- _YOUR ASSIGNMENT_
From the line with "Skull Print Halloween" to the line with "Ceiling Light Travertine Mineral Halo", output every line below exactly, both ends included. Skip the pictures.

- _GIVEN ENTRIES_
- Opening Delimiter -
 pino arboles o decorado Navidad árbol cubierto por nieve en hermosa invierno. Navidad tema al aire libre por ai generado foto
- Closing Delimiter -
- Opening Delimiter -
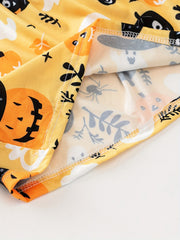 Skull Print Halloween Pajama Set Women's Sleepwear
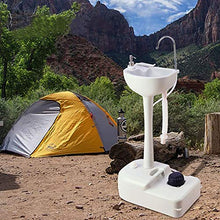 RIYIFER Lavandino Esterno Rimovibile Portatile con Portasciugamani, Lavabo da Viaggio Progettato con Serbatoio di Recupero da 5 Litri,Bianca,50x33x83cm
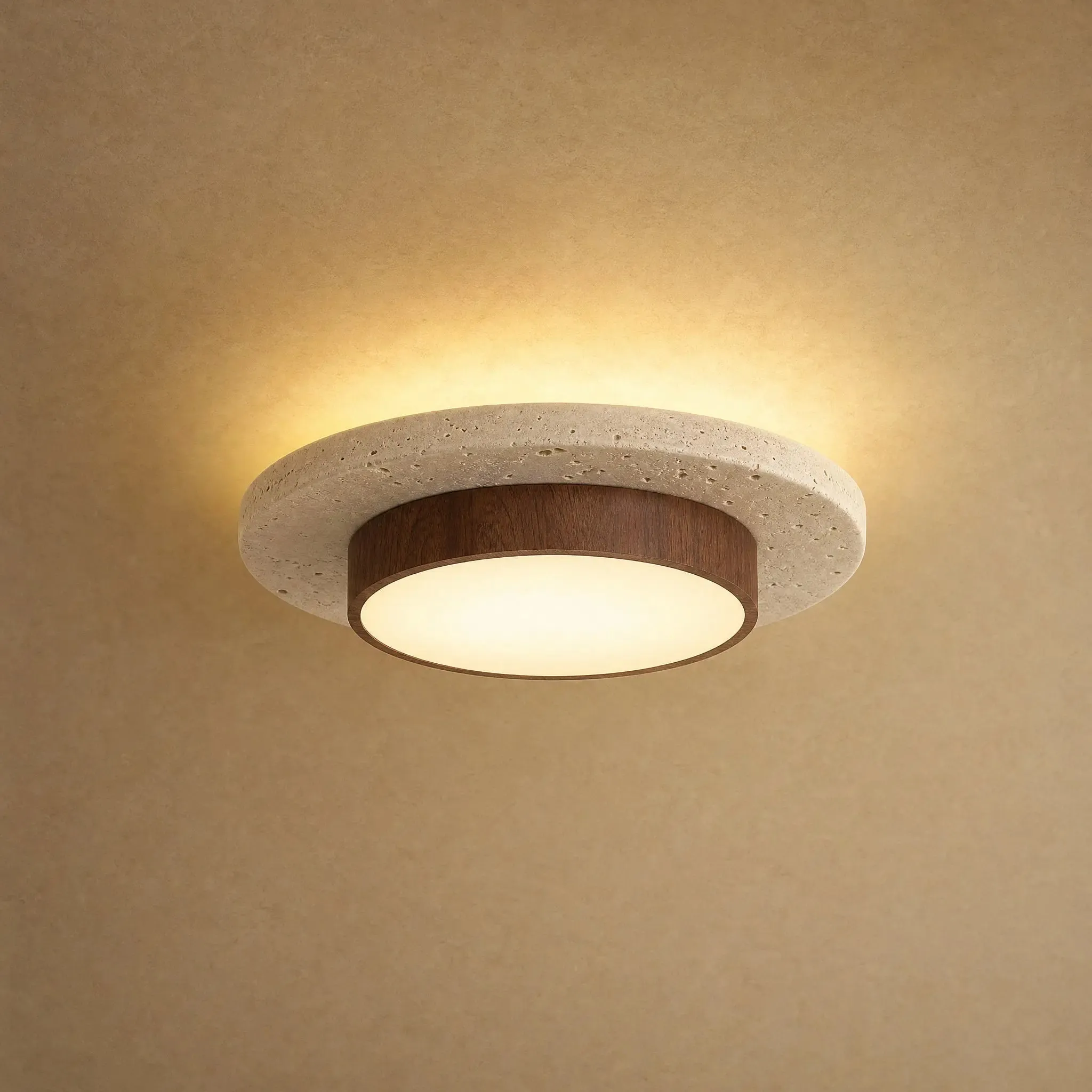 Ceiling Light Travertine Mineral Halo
- Closing Delimiter -
- _SOLUTION TO THIS EXERCISE_
 Skull Print Halloween Pajama Set Women's Sleepwear
 RIYIFER Lavandino Esterno Rimovibile Portatile con Portasciugamani, Lavabo da Viaggio Progettato con Serbatoio di Recupero da 5 Litri,Bianca,50x33x83cm
 Ceiling Light Travertine Mineral Halo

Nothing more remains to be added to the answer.